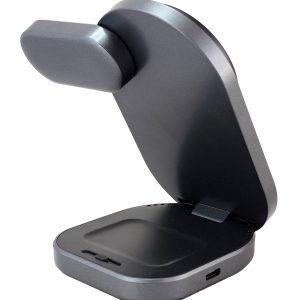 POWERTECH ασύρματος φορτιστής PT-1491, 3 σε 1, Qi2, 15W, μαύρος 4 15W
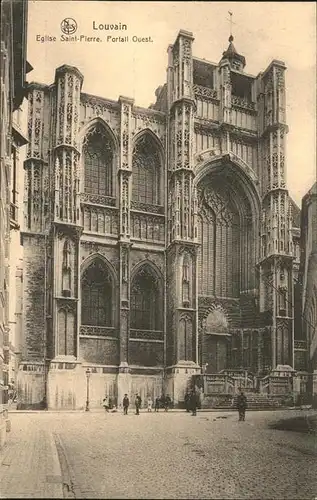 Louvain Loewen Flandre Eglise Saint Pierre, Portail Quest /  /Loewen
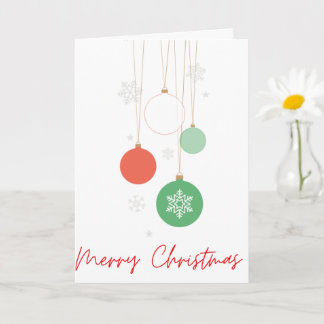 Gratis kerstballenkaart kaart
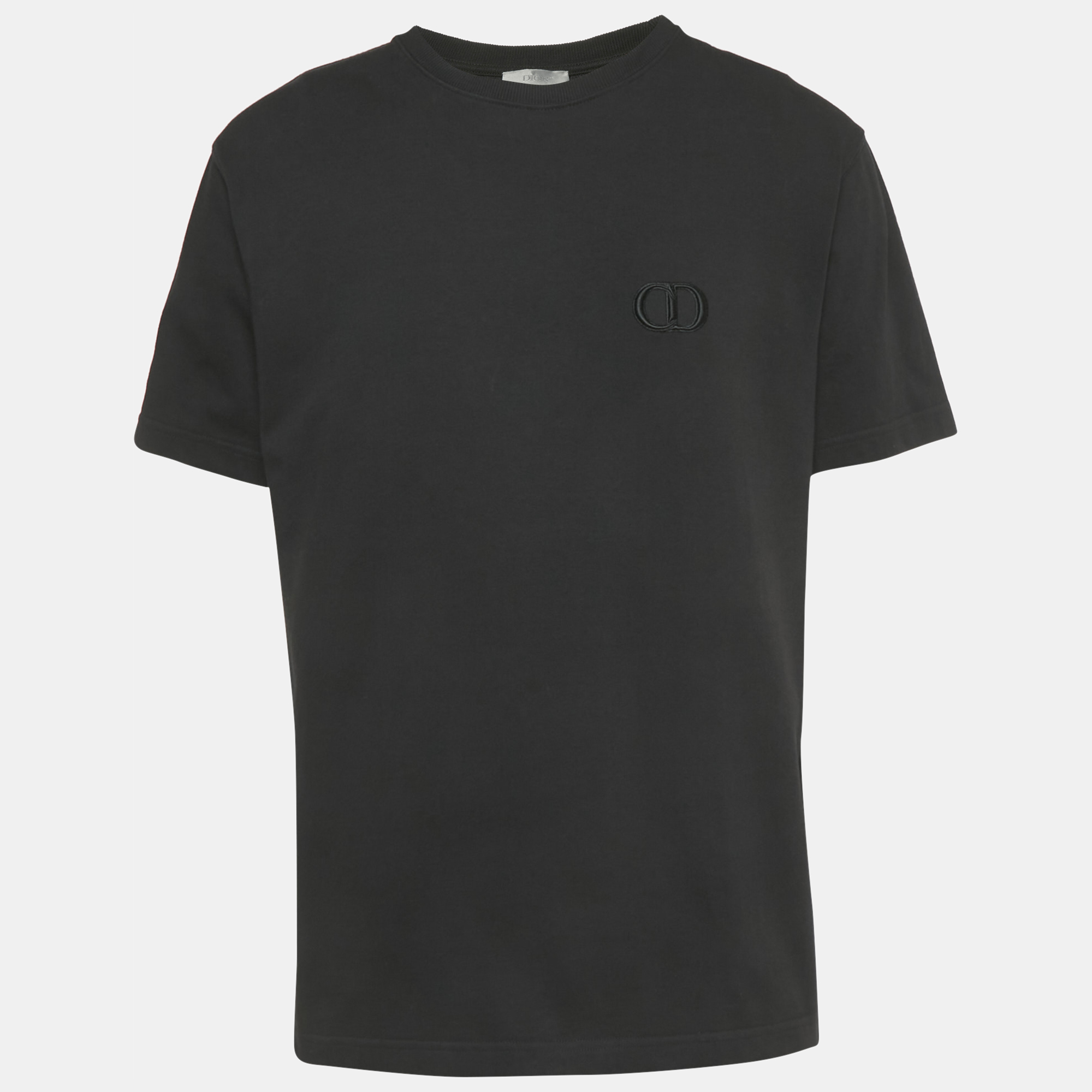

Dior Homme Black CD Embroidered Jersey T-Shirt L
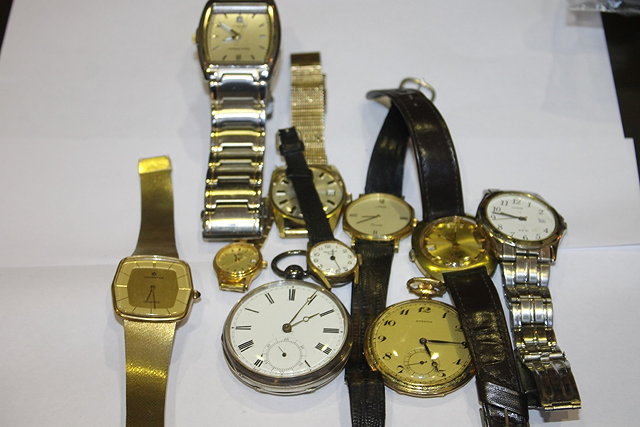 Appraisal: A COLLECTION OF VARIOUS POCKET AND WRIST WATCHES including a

# Work instruction
A word-for-word copy of the data, without its pictures, is what is needed.

# Reply to the exercise
 POWERTECH ασύρματος φορτιστής PT-1491, 3 σε 1, Qi2, 15W, μαύρος 4 15W
 Louvain Loewen Flandre Eglise Saint Pierre, Portail Quest /  /Loewen
 Gratis kerstballenkaart kaart

Dior Homme Black CD Embroidered Jersey T-Shirt L
 Appraisal: A COLLECTION OF VARIOUS POCKET AND WRIST WATCHES including a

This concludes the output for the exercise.